» Try it: In the material below, the line holding "2007 Ford Edge" and every line after it should be reproduced exactly, please, with pictures omitted.

» Supplied information:
********************
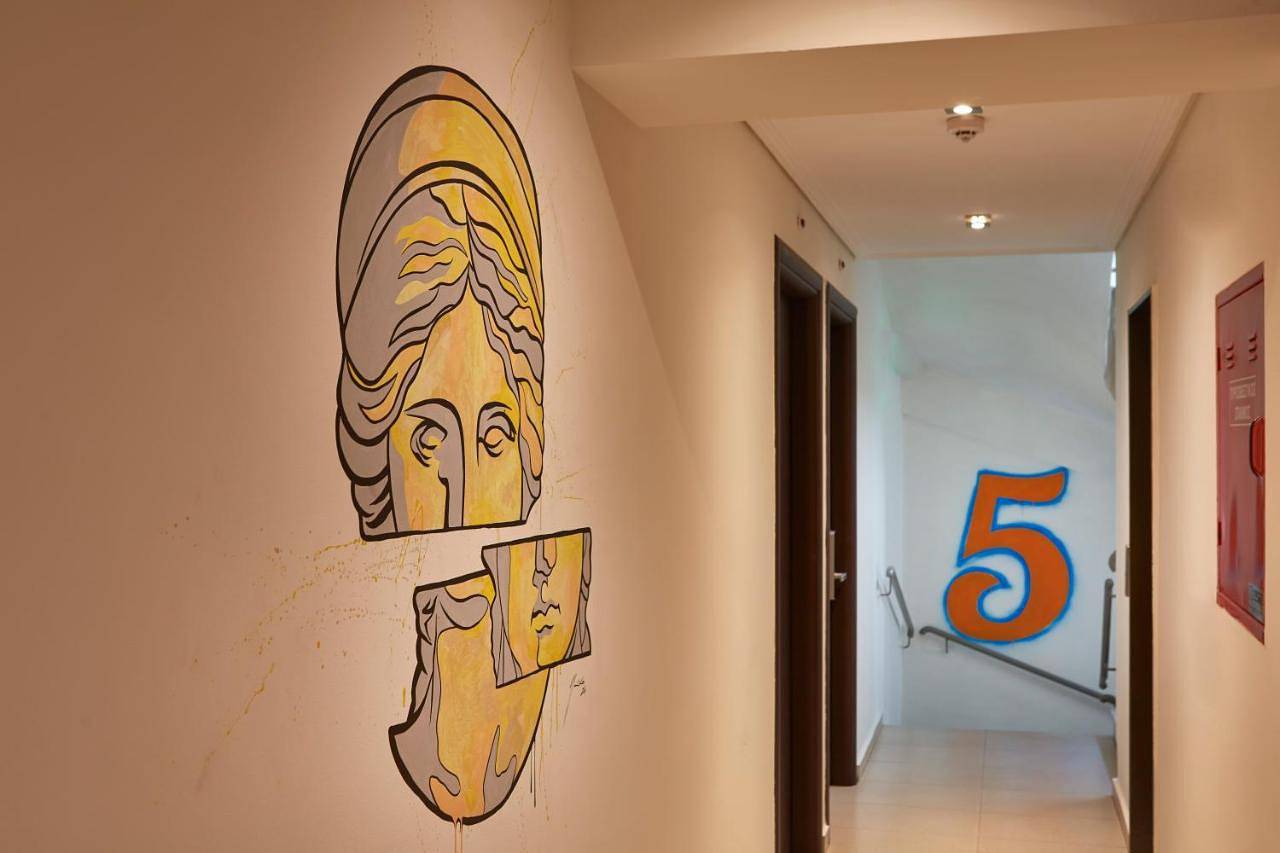 Athens Way Pop Art Hotel in Section centrale d'Athènes, Athènes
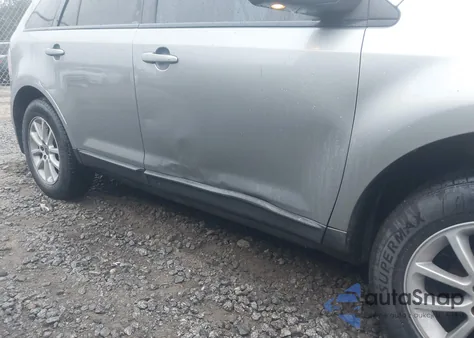 2007 Ford Edge Sel Plus из США, поврежденный, VIN 2FMDK39C47BB15733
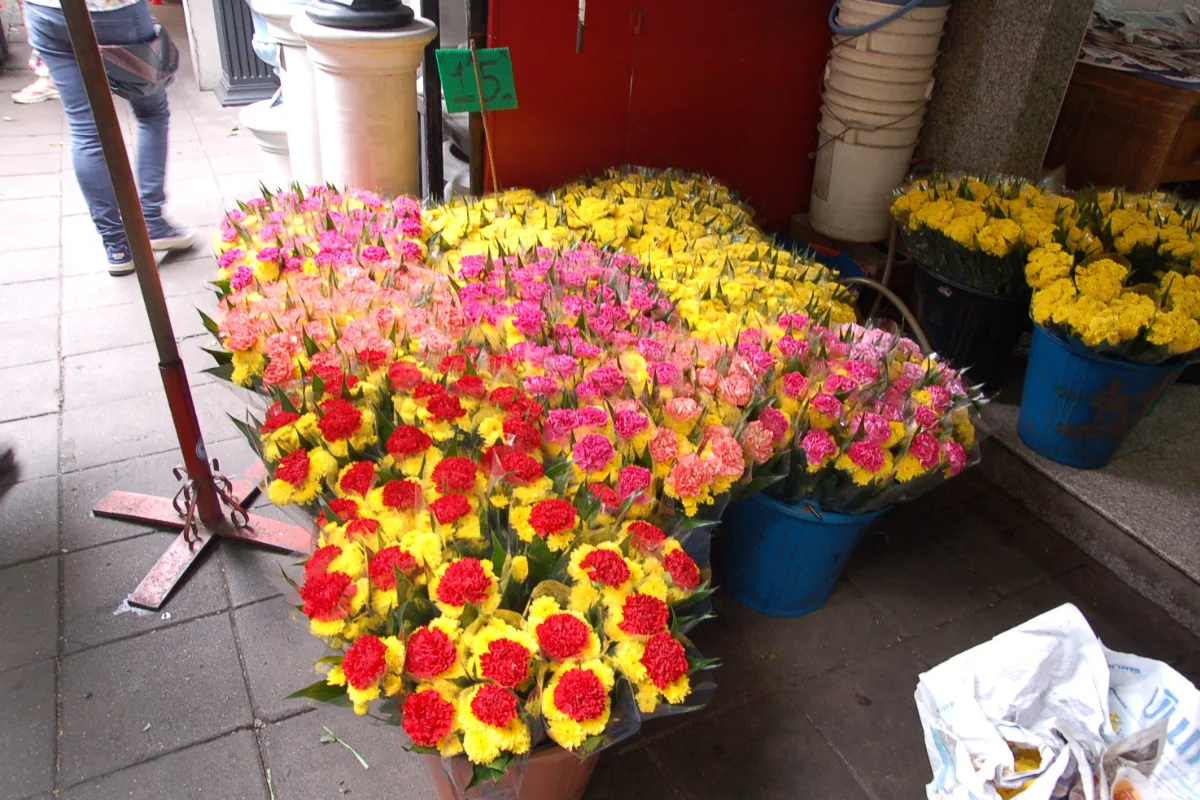 flower market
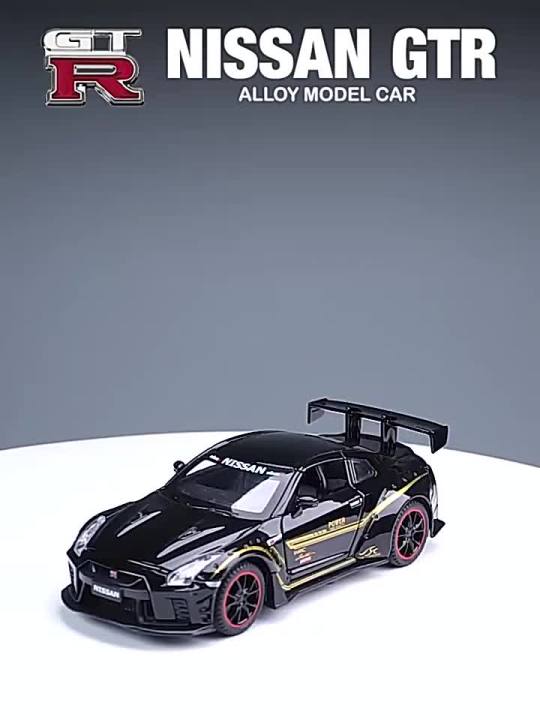 HfkgFree จัดส่งใหม่1:32นิสสัน GTR GT-R R35ล้อแม็กรถยนต์รุ่น D Iecasts ...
********************
» Worked solution:
 2007 Ford Edge Sel Plus из США, поврежденный, VIN 2FMDK39C47BB15733
 flower market
 HfkgFree จัดส่งใหม่1:32นิสสัน GTR GT-R R35ล้อแม็กรถยนต์รุ่น D Iecasts ...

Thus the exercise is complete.